Nowy model wyjaśniający podłoże choroby Alzheimera zaproponowali naukowcy z Krembil Brain Institute, będącego częścią University Health Network w Toronto (Kanada).

- Nie uważamy, że choroba Alzheimera jest zasadniczo chorobą mózgu. Myślimy o niej, jako o chorobie układu odpornościowego w mózgu – wskazał dr Donald Weaver, współdyrektor Krembil Brain Institute i autor artykułu.

Reklama

Choroba Alzheimera to najczęstsza forma demencji, dotycząca ponad 50 milionów ludzi na całym świecie. Pomimo ponad 200 badań klinicznych przeprowadzonych w ciągu ostatnich 30 lat, praktycznie nie ma leków, które mogłyby zapobiegać, zatrzymywać lub leczyć chorobę Alzheimera.

Naukowcy z Krembil Brain Institute zaproponowali nowy mechanistyczny model choroby Alzheimera. - Potrzebujemy nowych sposobów myślenia o tej chorobie i potrzebujemy ich teraz – mówi dr Weaver. - Do tej pory większość podejść w badaniach nad chorobą Alzheimera opierała się na teorii, że białko zwane beta-amyloidem, które rzekomo jest nieprawidłowe w mózgu, tworzy grudki i zabija komórki mózgowe.

- Uważamy, że beta-amyloid jest tam, gdzie powinien być. Działa jako immunopeptyd – przekaźnik w naszym układzie odpornościowym. Jeśli doznamy urazu głowy, beta-amyloid go naprawia. Gdy pojawi się wirus lub bakteria, beta-amyloid jest po to, aby z tym walczyć - mówi badacz.

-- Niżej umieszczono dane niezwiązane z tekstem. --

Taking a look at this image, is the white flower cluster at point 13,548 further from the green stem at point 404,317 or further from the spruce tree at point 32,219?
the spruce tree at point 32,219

Jak zaznaczył dr Weaver, tu właśnie może pojawić się problem: Beta-amyloid staje się zdezorientowany i nie może odróżnić bakterii od komórki mózgowej, przez co nieumyślnie atakuje nasze własne komórki mózgowe. Nazywamy to chorobą autoimmunologiczną. Układ odpornościowy w rzeczywistości atakuje gospodarza, nasz mózg.

Reklama

Zespół badawczy przeprowadził kompleksowy przegląd piśmiennictwa w połączeniu z własnymi badaniami, aby opracować dokładny mechanistyczny model choroby Alzheimera. Model ten, nazwany AD2 usiłuje zharmonizować inne mechanistyczne propozycje - w tym nieprawidłowości dotyczące białek (proteopatia), połączeń pomiędzy komórkami nerwowymi (synaptotoksyczność) i dostarczających komórkom energii mitochondriów (mitochondriopatia). Jednocześnie uznaje beta-amyloid za fizjologicznie łączący się w większe struktury (oligomeryzujący) immunopeptyd i część znacznie większego i szerszego, wysoce wzajemnie powiązanego procesu zaburzeń odporności (immunopatycznego).

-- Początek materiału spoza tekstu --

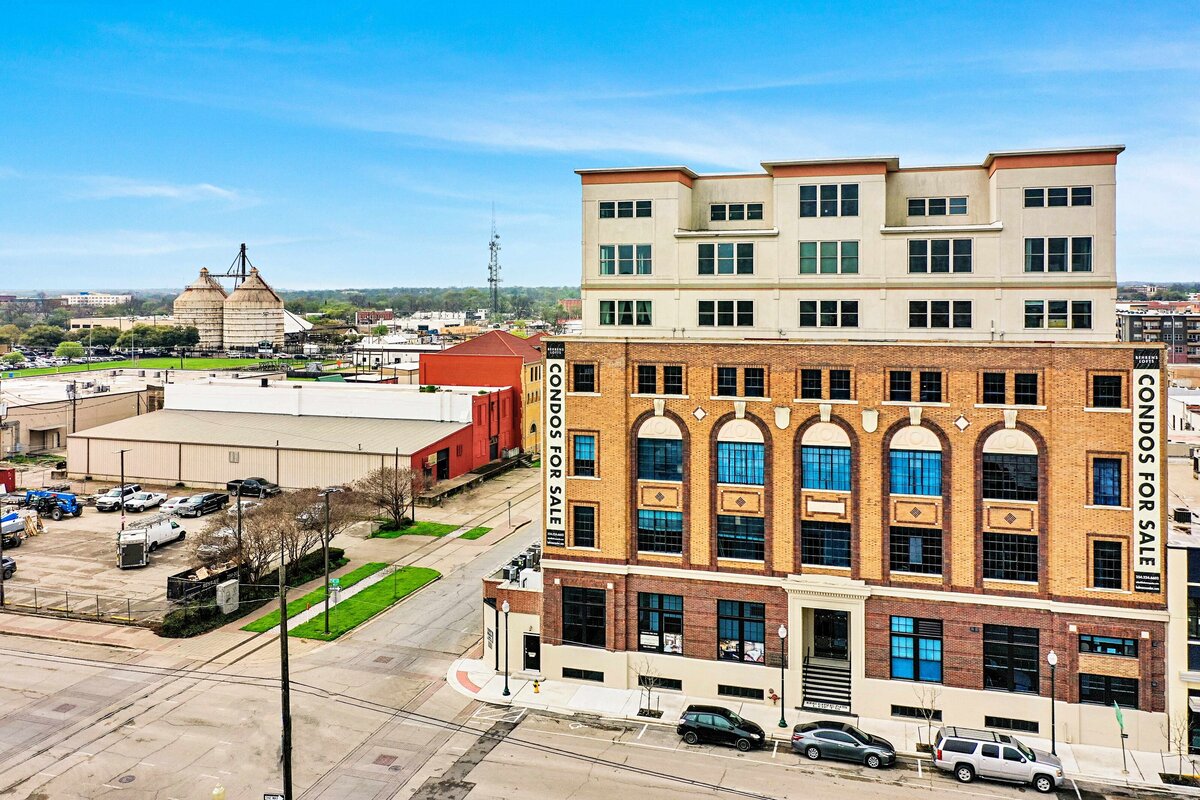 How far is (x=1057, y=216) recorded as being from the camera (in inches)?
1582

Według dr Weavera koncepcja choroby Alzheimera jako choroby autoimmunologicznej i beta-amyloidu jako normalnej części naszego układu odpornościowego otwiera możliwość nowego podejścia i opracowywania innowacyjnych terapii. - Jesteśmy bardzo podekscytowani. Uważamy, że ta teoria autoimmunologiczna jest rozsądna i stanowi znaczący koncepcyjny krok naprzód - mówi badacz.

Praca ta została sfinansowana z grantów operacyjnych Kanadyjskich Instytutów Badań Zdrowia, Fundacji Westona, Fundacji Krembil oraz nagrody Harrington Scholar-Innovator Award przyznanej przez Harrington Discovery Institute.